We affirm the order suppressing statements made by Kenneth Gallant and reverse the order suppressing Searles's statements. Searles's motion to suppress must be considered further on those contentions not dealt with by the judge -- the contention that Searles talked because he believed the "cat was out of the bag" and the further contentions mentioned in note 2, supra.
[Note 1] Four against Kenneth Gallant and three against Neil E. Searles.
[Note 2] He did not rule explicitly on whether Searles had knowingly and intelligently waived his right to counsel or whether the postindictment questioning of Searles in the absence of counsel violated his right to counsel.

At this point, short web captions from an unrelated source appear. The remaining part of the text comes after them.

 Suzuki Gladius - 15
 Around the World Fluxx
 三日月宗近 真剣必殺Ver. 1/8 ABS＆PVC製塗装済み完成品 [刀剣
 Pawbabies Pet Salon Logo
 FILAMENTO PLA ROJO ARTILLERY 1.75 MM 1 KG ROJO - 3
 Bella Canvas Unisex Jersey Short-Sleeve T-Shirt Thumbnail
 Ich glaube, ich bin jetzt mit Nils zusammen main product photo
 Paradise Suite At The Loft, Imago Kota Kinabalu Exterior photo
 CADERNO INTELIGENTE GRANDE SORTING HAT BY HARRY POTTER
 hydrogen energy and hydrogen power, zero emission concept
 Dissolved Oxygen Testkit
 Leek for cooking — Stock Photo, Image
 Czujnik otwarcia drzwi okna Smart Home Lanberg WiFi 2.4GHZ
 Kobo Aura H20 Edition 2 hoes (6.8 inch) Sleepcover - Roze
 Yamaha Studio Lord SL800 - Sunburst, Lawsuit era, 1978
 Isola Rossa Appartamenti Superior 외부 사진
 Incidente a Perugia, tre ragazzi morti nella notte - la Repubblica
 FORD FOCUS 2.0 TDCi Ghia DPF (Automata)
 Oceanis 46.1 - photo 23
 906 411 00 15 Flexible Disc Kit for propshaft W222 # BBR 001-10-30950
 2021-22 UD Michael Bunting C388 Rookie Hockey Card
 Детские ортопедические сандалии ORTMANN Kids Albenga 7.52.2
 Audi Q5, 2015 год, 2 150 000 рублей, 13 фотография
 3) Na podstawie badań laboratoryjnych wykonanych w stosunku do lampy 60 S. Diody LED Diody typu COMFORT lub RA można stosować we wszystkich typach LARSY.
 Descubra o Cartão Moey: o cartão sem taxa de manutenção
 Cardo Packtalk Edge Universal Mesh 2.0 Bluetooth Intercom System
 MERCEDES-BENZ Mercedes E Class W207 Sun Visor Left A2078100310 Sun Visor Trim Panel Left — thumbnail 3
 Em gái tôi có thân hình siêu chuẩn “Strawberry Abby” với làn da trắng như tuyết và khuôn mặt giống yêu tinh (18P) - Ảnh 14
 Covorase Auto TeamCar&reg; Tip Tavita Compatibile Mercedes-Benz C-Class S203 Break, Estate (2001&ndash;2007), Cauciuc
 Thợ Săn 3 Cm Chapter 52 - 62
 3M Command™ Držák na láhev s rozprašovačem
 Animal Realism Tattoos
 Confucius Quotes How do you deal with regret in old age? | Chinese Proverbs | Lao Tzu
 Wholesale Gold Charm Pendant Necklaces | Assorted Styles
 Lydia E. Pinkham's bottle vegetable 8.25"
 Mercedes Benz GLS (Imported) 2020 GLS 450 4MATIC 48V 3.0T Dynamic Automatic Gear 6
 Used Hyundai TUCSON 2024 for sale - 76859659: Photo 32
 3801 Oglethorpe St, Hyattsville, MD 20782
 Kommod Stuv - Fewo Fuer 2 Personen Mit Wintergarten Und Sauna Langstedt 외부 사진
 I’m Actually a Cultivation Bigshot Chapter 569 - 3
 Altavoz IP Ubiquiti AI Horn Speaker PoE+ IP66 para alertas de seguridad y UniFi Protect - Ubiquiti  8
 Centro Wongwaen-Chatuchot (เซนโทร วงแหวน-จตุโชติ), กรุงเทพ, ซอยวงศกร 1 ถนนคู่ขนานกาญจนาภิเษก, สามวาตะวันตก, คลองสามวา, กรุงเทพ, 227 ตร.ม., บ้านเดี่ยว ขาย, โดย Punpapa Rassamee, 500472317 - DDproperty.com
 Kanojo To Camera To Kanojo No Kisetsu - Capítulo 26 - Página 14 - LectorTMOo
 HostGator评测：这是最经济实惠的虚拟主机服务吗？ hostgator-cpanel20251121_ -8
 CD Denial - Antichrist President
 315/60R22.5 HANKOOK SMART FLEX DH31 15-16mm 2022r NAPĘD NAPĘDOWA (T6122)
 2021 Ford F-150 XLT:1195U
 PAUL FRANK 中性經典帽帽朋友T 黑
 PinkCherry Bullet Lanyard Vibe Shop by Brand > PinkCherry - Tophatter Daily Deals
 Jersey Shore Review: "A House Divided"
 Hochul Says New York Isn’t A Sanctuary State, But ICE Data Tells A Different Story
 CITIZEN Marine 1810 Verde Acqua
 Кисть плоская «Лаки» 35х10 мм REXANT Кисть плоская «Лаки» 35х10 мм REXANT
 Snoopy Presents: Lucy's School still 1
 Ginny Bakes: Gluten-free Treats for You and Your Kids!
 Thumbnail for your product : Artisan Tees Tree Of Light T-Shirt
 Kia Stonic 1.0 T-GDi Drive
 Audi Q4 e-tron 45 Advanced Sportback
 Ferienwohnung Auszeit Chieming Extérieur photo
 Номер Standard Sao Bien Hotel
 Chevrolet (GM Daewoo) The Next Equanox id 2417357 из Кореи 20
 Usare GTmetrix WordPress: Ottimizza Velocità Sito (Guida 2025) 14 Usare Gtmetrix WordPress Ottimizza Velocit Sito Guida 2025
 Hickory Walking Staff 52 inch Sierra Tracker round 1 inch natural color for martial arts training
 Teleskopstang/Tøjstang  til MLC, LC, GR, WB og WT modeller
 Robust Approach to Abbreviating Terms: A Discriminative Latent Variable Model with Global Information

[Note 3] Searles's motion to suppress sought a suppression of all his statements to officers of the Amesbury police because the statements were taken in violation of Searles's constitutional rights. The judge and the parties have treated Searles's motion to suppress as based also on a claim that Searles's statement should be suppressed because of the violation of Gallant's constitutional rights.
[Note 4] In search and seizure cases under the Fourth Amendment, application of the exclusionary rule is limited to evidence obtained in violation of the constitutional rights of the person who is challenging the admissibility of such evidence. See, e.g., United States v. Salvucci, 448 U.S. 83 (1980); Rakas v. Illinois, 439 U.S. 128, 134 (1978). The reasons for such a limitation in Fourth Amendment cases are much the same as those applicable in cases involving rights under the Fifth Amendment. See Rakas v. Illinois, supra at 134 n.3; United States v. Ceccolini, 435 U.S. 268, 277-278 (1978).